Agli adulti dico “studiamo”. Diamo l’esempio ai giovani, alla ministro e al governo dico: facciamo grande opera per il paese di restituire la possibilità ai troppi che non hanno potuto, di studiare ora. Le statistiche ci penalizzano anche su questo punto.
Perchè semmai il tema che mi fa battere il cuore: giusta è una società che ha diviso l’età dello studio dall’età adulta e non ha restituito e previsto momenti per compensare le storie del passato? Anche durante anni del benessere. La scuola non è solo per i giovani. Altrimenti discrepanze generazionali dilagano.

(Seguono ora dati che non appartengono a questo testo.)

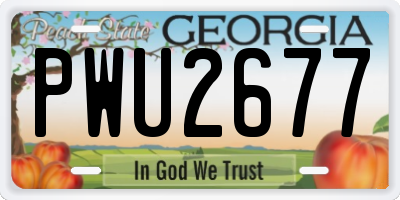 GA license plate PWU2677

Molti genitori hanno fatto studiare a lungo i propri figli, licei, master, lauree, perché in parte prendessero anche la loro. E trovo che in questo ci sia stato qualcosa che non ha funzionato. Era giusto potessero averla (anche) loro senza caricare di aspettative le future generazioni.
Libere dunque queste anche di fare i loro percorsi, esperienze, e magari professioni. E di poter poi tornare agli studi. Questo Paese deve sbloccarsi a partire da questo tipo di mentalità.
Mestieri trascurati. Saperi tralasciati. È stato il risultato, della spaccatura in due.
Un Paese che ha nella storia, bruscamente, voltato pagina: dai latifondisti ai villaggi di operai, perdendo anche occasioni lungimiranti per essere il paese del terziario avanzato, del capitale umano, delle imprese che domandano competenze; assiste oggi quotidianamente a figli che vanno a studiare fuori senza riuscire ad essere altrettanto competitivi nell’attrarre i cervelli, i giovani, le e i top manager, le sfide del futuro, i nuovi settori trainanti. Mercati vecchi, stanchi, secondari di un mondo globalizzato. Produttori di picchi di eccellenza. Con un ascensore sociale che non fa più fermate ai piani. Ma si ferma quando capita, e così chi riesce a salire viene investito dalle invettive di chi fa le scale.